# Russian Halo / Big Muff Civil War



## jeffwhitfield (Dec 1, 2021)

Finally got started on this set of builds for some stuff to put on Reverb. This one was stalled a few times. More on that in a sec.

I started off wanting this thing to be as authentic as possible. So I procured a nice baggie of KT3102E transistors and built a test unit. So far, so good...but I wondered whether it would sound any different with the original diodes as well. Ordered a batch of KD521A as well. But, while waiting for the diodes, I misplaced/lost the transistors and had to order more (so pissed!). 

Once I did receive everything, I started my first build of the batch and, after testing it, found that my test pedal actually had a bit more gain. That got me wondering whether it should have more gain to begin with. The transistors don't have a particularly high hFE (around 500 for most of them). It's not really a high gain Muff anyways. After tinkering around a bit, I opted to switch out the 390R resistors that run off the first three transistors for 150R's. That upped the gain a bit and does give it a bit more range. 

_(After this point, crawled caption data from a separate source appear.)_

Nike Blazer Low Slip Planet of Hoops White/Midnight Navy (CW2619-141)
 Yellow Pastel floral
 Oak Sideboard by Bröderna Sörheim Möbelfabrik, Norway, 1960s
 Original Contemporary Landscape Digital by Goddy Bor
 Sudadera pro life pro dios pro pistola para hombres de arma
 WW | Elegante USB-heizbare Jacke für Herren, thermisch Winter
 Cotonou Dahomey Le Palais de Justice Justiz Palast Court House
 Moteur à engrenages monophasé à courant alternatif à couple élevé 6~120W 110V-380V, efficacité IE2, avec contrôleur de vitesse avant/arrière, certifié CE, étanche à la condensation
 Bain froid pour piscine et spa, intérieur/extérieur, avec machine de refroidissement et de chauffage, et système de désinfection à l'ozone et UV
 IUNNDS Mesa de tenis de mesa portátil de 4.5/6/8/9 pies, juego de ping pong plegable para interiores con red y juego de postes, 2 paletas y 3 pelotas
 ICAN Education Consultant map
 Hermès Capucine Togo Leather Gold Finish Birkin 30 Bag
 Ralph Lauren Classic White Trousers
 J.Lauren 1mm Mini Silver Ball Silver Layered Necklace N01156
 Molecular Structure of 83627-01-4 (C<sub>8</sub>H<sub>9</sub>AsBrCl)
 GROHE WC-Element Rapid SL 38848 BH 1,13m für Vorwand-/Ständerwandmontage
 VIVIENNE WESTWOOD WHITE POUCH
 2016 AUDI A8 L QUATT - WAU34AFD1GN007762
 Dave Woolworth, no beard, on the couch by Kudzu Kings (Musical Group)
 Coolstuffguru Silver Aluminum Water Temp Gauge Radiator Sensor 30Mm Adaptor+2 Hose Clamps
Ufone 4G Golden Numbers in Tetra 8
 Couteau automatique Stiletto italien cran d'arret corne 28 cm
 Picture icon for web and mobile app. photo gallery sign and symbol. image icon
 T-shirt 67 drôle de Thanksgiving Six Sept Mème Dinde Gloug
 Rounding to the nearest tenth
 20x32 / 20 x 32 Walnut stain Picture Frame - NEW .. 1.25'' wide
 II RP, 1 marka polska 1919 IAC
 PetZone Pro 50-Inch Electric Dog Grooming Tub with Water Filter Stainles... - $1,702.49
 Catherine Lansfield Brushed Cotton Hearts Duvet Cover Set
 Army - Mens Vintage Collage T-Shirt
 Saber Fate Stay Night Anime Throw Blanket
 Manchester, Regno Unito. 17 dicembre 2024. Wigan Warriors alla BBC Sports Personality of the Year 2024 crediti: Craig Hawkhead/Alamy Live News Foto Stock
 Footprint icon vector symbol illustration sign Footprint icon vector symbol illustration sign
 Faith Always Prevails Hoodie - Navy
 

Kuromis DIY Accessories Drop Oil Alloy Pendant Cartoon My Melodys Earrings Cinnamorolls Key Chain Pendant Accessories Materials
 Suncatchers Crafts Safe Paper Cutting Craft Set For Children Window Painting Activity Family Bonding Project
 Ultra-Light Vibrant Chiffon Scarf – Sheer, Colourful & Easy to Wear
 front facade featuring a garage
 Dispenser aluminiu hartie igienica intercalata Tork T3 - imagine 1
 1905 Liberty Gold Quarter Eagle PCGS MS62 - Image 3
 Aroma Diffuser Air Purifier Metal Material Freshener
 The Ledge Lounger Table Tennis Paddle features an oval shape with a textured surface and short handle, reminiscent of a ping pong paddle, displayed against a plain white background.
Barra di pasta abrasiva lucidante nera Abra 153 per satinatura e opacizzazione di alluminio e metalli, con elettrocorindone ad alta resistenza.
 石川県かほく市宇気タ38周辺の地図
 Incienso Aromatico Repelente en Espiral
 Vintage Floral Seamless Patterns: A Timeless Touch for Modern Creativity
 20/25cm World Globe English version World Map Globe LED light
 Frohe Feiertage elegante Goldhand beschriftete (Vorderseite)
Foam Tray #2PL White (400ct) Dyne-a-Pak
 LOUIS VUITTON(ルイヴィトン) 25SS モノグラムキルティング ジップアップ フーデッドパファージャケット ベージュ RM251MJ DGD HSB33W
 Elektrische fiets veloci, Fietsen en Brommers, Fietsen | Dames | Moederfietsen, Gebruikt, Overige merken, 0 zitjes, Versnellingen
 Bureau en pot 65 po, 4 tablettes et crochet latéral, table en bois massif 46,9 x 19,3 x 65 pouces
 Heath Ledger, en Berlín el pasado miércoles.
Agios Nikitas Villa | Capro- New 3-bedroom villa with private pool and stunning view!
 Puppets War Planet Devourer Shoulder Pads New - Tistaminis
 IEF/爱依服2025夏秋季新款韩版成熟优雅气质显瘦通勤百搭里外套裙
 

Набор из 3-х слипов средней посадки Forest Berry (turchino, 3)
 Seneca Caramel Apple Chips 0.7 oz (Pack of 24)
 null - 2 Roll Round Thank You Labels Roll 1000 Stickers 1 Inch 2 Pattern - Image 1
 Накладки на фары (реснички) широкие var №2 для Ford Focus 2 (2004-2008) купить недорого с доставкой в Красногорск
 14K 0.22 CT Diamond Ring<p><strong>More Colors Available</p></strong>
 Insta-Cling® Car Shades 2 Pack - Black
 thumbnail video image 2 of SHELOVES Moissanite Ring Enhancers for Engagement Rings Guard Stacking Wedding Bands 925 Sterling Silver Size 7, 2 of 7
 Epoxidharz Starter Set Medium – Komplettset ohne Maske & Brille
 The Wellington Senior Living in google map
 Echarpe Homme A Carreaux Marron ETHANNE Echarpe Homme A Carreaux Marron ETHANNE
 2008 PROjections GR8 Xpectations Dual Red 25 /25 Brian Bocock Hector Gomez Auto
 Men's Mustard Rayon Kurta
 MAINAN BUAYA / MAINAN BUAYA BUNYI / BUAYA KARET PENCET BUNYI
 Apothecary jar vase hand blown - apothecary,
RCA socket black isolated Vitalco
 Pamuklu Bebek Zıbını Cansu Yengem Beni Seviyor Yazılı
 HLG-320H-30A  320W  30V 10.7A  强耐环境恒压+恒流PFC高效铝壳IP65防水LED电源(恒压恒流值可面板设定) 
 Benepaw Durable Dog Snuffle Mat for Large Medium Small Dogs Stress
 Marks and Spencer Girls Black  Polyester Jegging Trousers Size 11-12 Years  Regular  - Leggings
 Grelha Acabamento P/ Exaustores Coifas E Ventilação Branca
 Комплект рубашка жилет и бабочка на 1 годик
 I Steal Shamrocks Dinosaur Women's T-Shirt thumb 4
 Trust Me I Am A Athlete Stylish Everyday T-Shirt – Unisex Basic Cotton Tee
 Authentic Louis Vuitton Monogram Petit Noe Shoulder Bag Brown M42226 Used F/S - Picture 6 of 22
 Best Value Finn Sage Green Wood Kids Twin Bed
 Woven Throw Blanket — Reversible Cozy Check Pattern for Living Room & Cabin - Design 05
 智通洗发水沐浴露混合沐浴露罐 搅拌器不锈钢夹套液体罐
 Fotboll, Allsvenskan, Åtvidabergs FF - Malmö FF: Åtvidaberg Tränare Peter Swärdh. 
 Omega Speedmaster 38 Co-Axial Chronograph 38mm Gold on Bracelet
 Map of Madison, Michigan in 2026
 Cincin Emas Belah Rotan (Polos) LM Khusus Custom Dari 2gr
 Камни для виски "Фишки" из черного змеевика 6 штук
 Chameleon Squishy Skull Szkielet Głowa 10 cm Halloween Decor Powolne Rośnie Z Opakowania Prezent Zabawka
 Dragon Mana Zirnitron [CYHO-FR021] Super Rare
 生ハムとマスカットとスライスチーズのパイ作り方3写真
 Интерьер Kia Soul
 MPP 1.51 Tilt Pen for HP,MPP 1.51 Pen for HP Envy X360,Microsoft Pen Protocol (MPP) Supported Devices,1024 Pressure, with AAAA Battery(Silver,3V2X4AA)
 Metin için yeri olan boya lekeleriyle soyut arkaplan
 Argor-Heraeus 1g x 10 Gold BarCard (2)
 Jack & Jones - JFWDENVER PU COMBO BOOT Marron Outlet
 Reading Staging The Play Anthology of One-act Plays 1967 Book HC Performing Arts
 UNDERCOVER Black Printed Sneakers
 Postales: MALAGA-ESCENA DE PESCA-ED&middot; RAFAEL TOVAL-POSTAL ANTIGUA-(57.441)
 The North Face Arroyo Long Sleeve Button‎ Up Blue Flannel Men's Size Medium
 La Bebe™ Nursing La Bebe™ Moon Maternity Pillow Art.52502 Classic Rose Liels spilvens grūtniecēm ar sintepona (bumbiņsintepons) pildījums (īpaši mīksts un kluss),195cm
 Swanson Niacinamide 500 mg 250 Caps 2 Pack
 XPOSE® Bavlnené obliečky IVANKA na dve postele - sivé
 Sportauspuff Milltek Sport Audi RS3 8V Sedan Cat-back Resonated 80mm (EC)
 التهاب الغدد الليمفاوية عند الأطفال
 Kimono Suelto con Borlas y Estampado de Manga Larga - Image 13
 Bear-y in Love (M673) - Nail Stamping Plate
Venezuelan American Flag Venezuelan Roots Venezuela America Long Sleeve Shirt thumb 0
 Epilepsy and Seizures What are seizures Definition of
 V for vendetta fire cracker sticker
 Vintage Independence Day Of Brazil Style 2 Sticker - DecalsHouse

End result is a pedal that can go from just a touch of fuzz to a nice amount of fuzz distortion. Definitely can get some of those Gilmour-like tones for sure. Throw it on a hot amp with the mid-cut on with a bit more treble and you can get it into metal territory. Works even with a blues setup too. Just a really versatile Muff. 

Design-wise, I played off the Halo theme from AionFX a bit. Give the whole Russian transistors and diodes that were in the original, figure it was fitting to play that up a bit. Found a cool Russian font and graphic for it and threw it all on an army green enclosure. Print job didn't turn out exactly as I expected...but it still looks good to me.


----------



## TGP39 (Dec 7, 2021)

Awesome job.  I am just starting to gather the parts needed for this very same build.  I think authentic is the way to go.  Loving the vibe on this one.  👍🏻


----------



## Preverb (Dec 7, 2021)

Was the font 2 toned like that or did you do a white outline in the software to create that effect?


----------



## jeffwhitfield (Dec 8, 2021)

Preverb said:


> Was the font 2 toned like that or did you do a white outline in the software to create that effect?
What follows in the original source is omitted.